L’homme invisible / The invisible man : Entre deux murs, le vide
Harry Standjofski et Gabriella Hook manient à nouveau guitare et piano afin de jouer la trame sonore de la mission chaotique et colorée de L’homme invisible, déterminé à être visible aux yeux de tous et à trouver l’amour, une identité stable et un endroit précis où il se sentira vivant.
Loin d’être une richesse comme celle au fondement même de la pensée politique de Pierre Elliott Trudeau, le bilinguisme qui assure la soi-disant unité du pays constitue pour l’homme invisible une barrière qui divise son être et le plonge dans la plus grande confusion. Les deux grandes solitudes, c’est lui. Il n’est ni l’une, ni l’autre, il est sans nom, sans femme, sans pays. Il cherchera à exister à l’intérieur d’une quête intimiste éclatée et sans concession.
La question de la langue n’est pas ici une barrière au sens politique. L’absence d’allusions au contexte politique de l’époque, écrite en 1981 par le poète célébré Patrice Desbiens, délimite la pièce à la recherche de sens d’un seul homme. C’est que l’homme invisible n’est pas et ne parvient pas à être. En français comme en anglais, au Québec comme en Ontario, dans les fausses promesses des années soixante comme dans des cadres plus rigides et des situations difficiles, sa double identité culturelle et son bilinguisme l’empêchent de devenir un homme.
La grande énergie des deux interprètes leur permet d’attaquer efficacement un texte singulier aux multiples registres avec disponibilité et créativité. Une complicité solide entre Jimmy Blais et Guillaume Tremblay, respectivement la part anglophone et francophone de l’homme invisible, offre des moments poilants et lucides sur la condition de non-être d’un franco-ontarien dépossédé. La maîtrise des deux langues, qui donne autant de poids à la part de l’anglophone que celle du francophone, donne à l’homme invisible le sentiment de n’appartenir, finalement, à ni l’une ni l’autre.
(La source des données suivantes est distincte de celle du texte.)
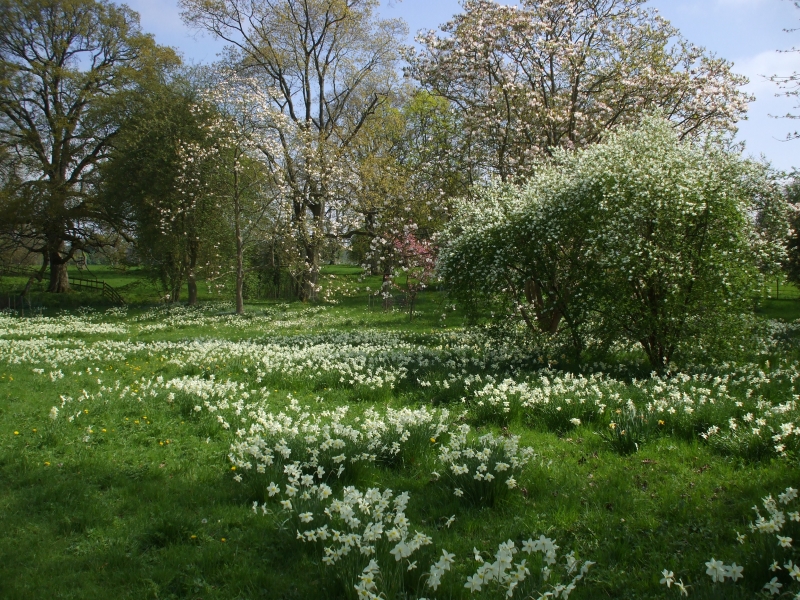 Corsham Court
Bien que le texte de Desbiens demeure un essentiel sur le tiraillement identitaire, la recherche de soi-même et que la pertinence de le reprendre à nouveau n’est pas ici discutée (le spectacle a été présenté en 2012 au Monument National), une dimension politique aurait pu être au cœur de la mise en scène franche d’Harry Standjofski, tant les enjeux sont toujours aussi délicats aujourd’hui. À l’ère des débats sur le franglais, de l’hybridation des cultures et de leurs langues, en plus de leur apparition en musique et en littérature, majoritairement, il est difficile d’accepter l’omission d’une telle dimension avec des thèmes aussi riches et fortement actuels. Le texte de Desbiens a cette qualité, entre autres, d’être universel dans ses thèmes et de n’offrir que peu de référents temporels, ce qui aurait pu laisser une grande liberté à l’alimenter de ces questions houleuses.
Il ne reste qu’à souhaiter que les fondements identitaires issus de croisements des langues soient davantage exploités sur les scènes d’ici. Question toujours houleuse et fortement identitaire au Québec, la langue demeure intrinsèque à celle de l’identité, mais force est d’admettre qu’une forte tendance des nouvelles générations à ne pas s’appuyer que sur cet aspect pour construire et définir leur identité est bien présente. Le croisement et la cohabitation des deux langues (et de bien d’autres) ne fait pas que des ravages linguistiques; elle peut ou pourrait, à tout le moins, devenir un atout considérable sur les planches, et peut certainement offrir un regard nouveau sur une identité plus harmonieuse qui pige dans une culture comme dans l’autre. Un regard très espéré et attendu.